Harold Frederic Reinhart (1891 – 17 August 1969) was an American-born rabbi who was senior minister at West London Synagogue and the founding rabbi of Westminster Synagogue.

Reinhardt had degrees from the University of Cincinnati and the University of Chicago. He received a doctorate in divinity from the Hebrew Union College in Cincinnati, and was ordained there in 1915.

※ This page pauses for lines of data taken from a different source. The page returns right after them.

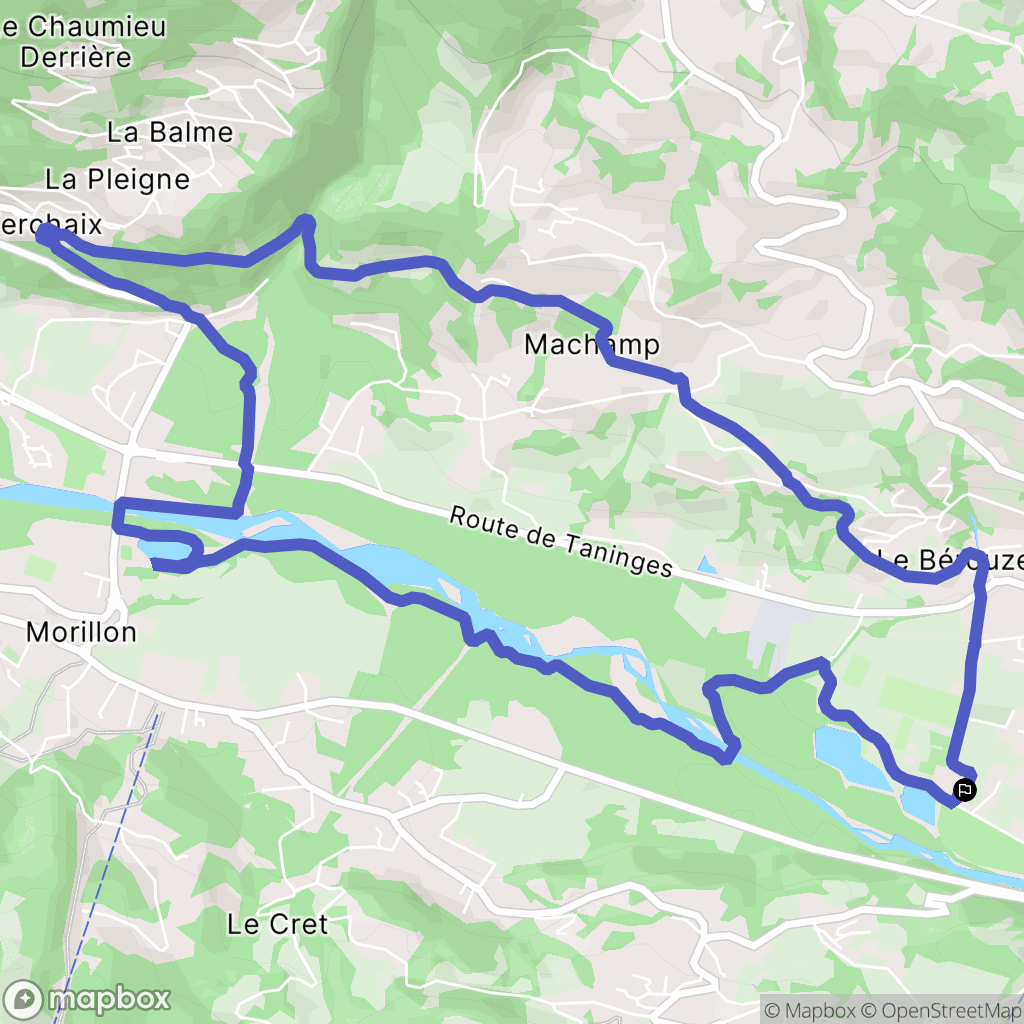 Samoëns : carte du parcours de randonnée - France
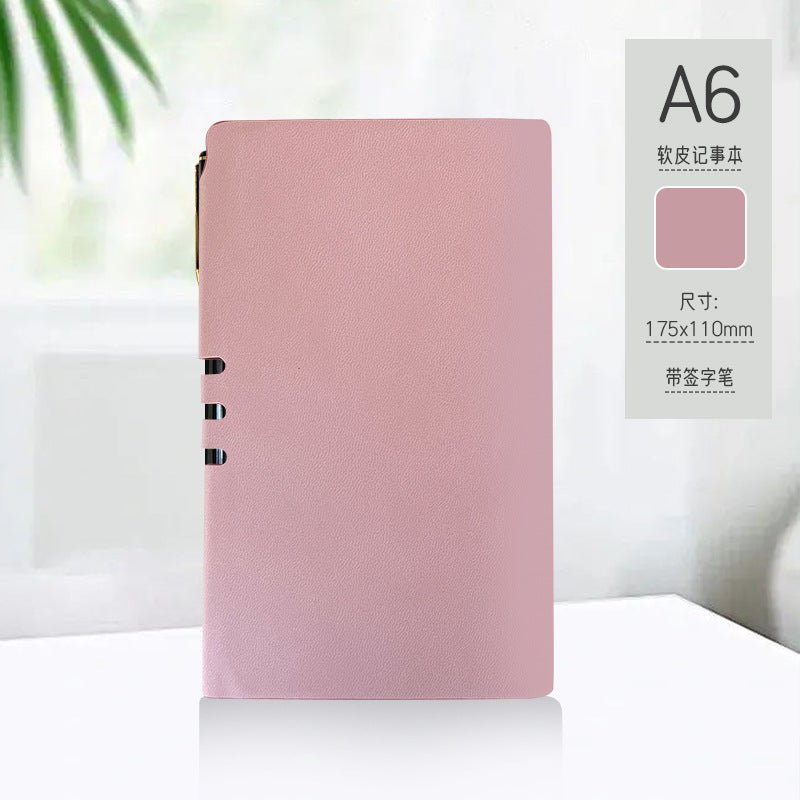 Wholesale A6 notebook with leather cover,  small notebook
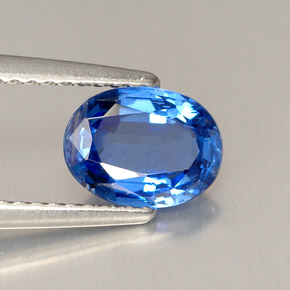 Cianite naturale blu da 1,45 ct, taglio ovale, VS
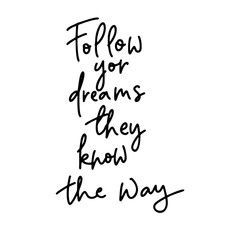 Hand Lettering Inspirational Vector Quote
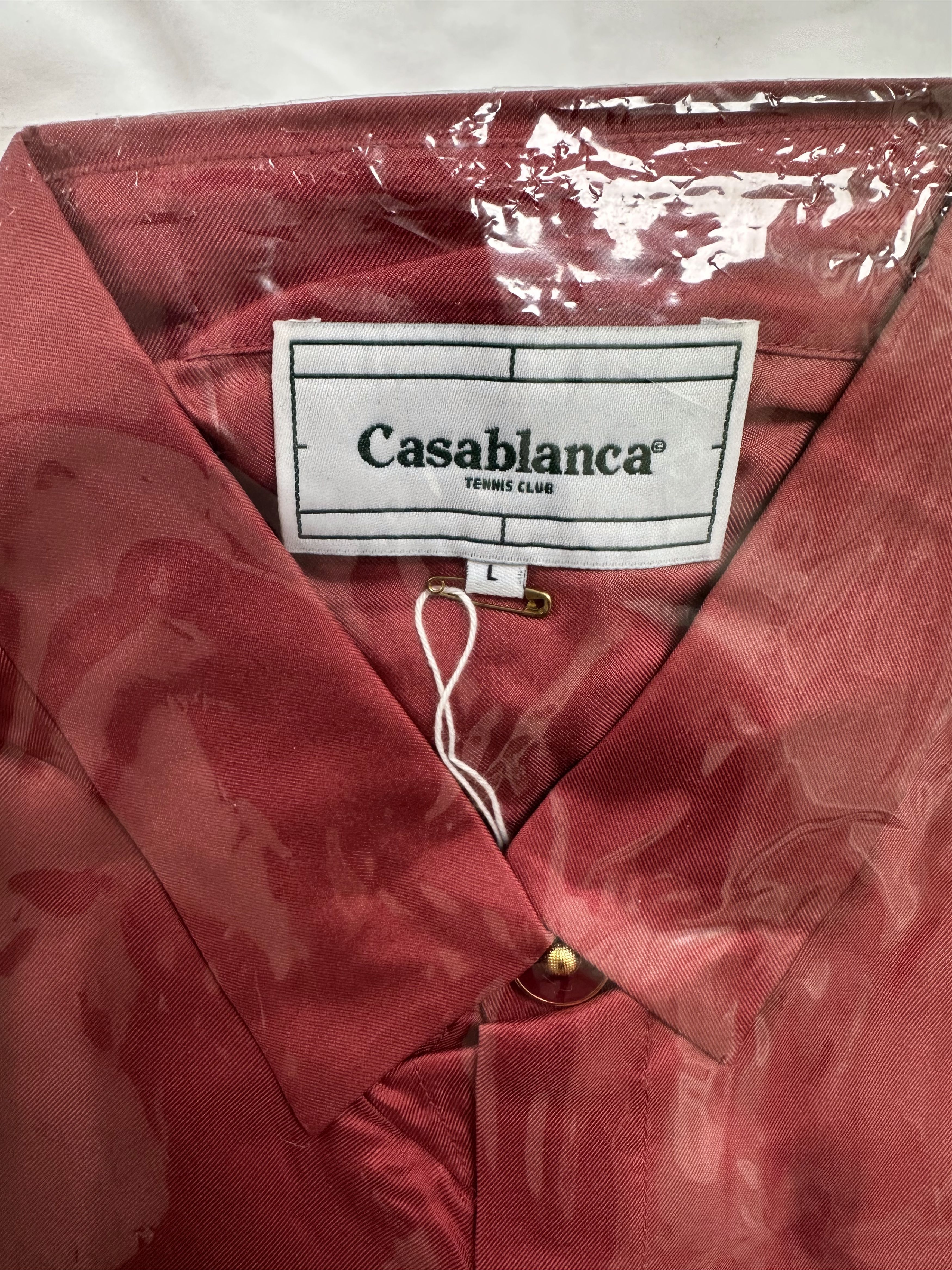 Casablanca Debut Runway (2019 Archive) Sid Silk Shirt Size US L / EU 52-54 / 3 - 4 Thumbnail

Reinhard was Rabbi at Reform Jewish congregations in Gary, Indiana, Baton Rouge, Los Angeles and Sacramento, California before moving, in 1929, to the United Kingdom to continue his rabbinical career. He succeeded the Rev. Morris Joseph as senior minister at West London Synagogue in 1929. He remained in post until 1957, when he resigned to found what became Westminster Synagogue, where he was Rabbi from 1957 until his death in 1969.

He died on 17 August 1969 and, after cremation, his ashes were buried at Golders Green Jewish Cemetery. His papers are held at Southampton University.